Sri Lanka Seaside

bird.fishermen.png

I sit watching the dawn rise over the ocean—always a different ocean—whose molecules perhaps touched my far younger self as I fished with my father. I sit here now, in peace, and contemplate the patterns left in the sand, the rocks in the water, the sound of waves. It takes but an instant to gain a freeing calm, a soothing generous gift from the earth.

I never had this sense of peace as a child. If I calmed down for one minute, a rock would push its way into my consciousness. A rock that needed to be dug up, retrieved, explored for urchins, thrown into the water; a source of chaos that my father eventually had to quell.
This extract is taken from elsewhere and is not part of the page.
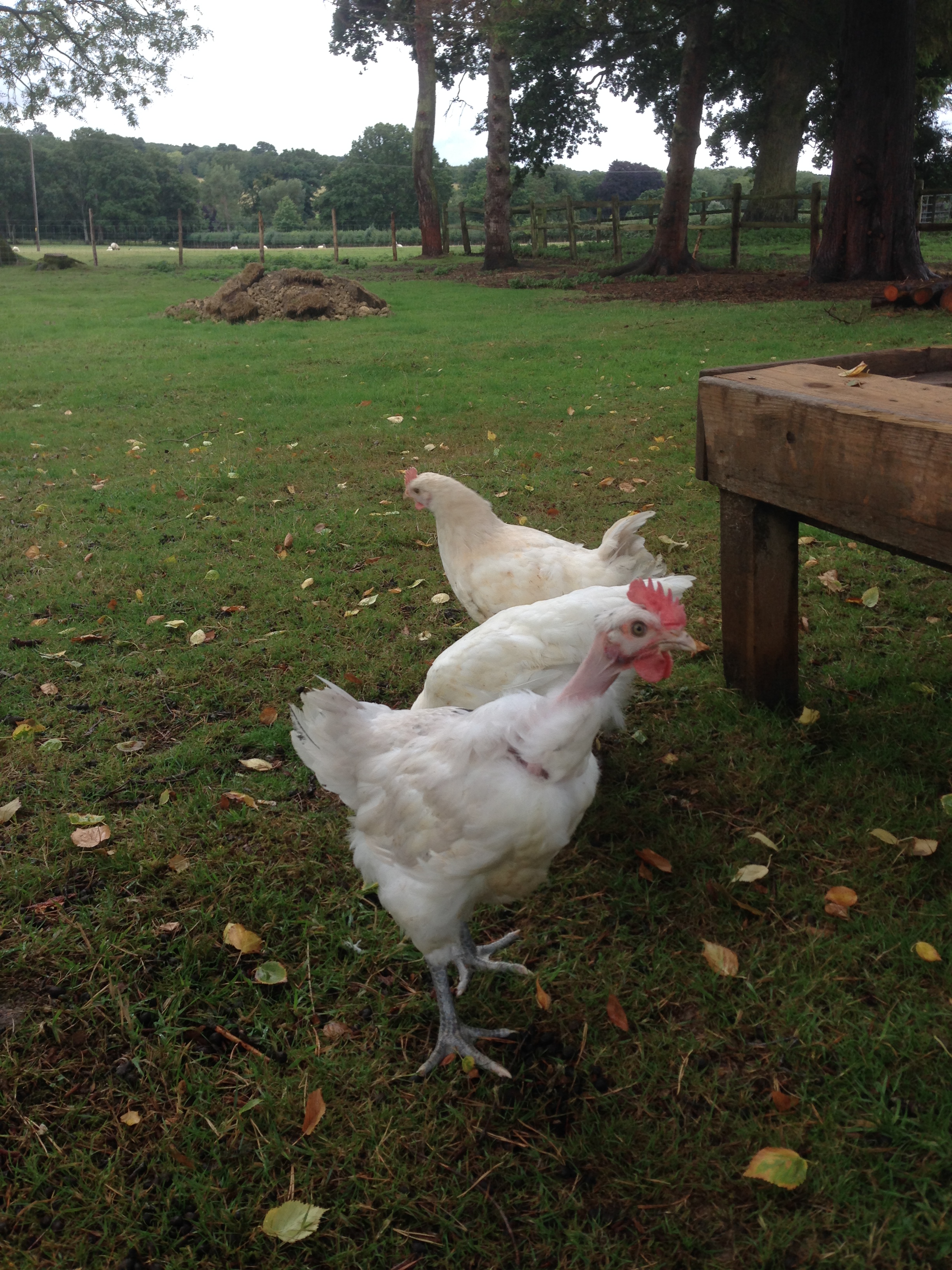 Bare Neck Chicken Photos - Naked Neck Chicken: Eggs, Height, Size and Raising Tips - Find the perfect chicken necks stock photos and editorial news pictures from getty images.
Today’s version of his daughter understands his need for those calm hours at the water. Comprehends that the long pole he carried was his guardian against interruption. That the fish we ate were merely an excuse, although a welcome one, for his pre-dawn slipping away from  responsibilities, for his hours spent alone. For his departure, for a while at least, from struggles: for his dive into peace.

man.boat.png

And finally I think about the morning, while I was high in the Himalayas of northern India, that he rose for the final time in those predawn moments. A short time later he could’ve been at a beach like this one, whose water lapped his favorite city, his home, his San Francisco. He could have been hooking cornmeal balls carefully crafted the night before to tease the fish. 

Maybe he, or his spirit, did all those things. Maybe he is still doing them. Maybe it is him that I watch in the distance, hanging on to the pole that reaches over waves that lap the beaches of Sri Lanka. Maybe it is he who is watching over me, teaching me to enjoy life in a new way.

I can’t know for certain, because on that morning, while I slept in a tent beneath a 20,000 foot peak in the Himalayas, my father slipped quickly away.

I see a fisherman in the distance, and, as so often when I am again in the time zone of the land I explored as he, too, started exploring something new, my mind turns to Papa with an inevitability that is both familiar and soothing.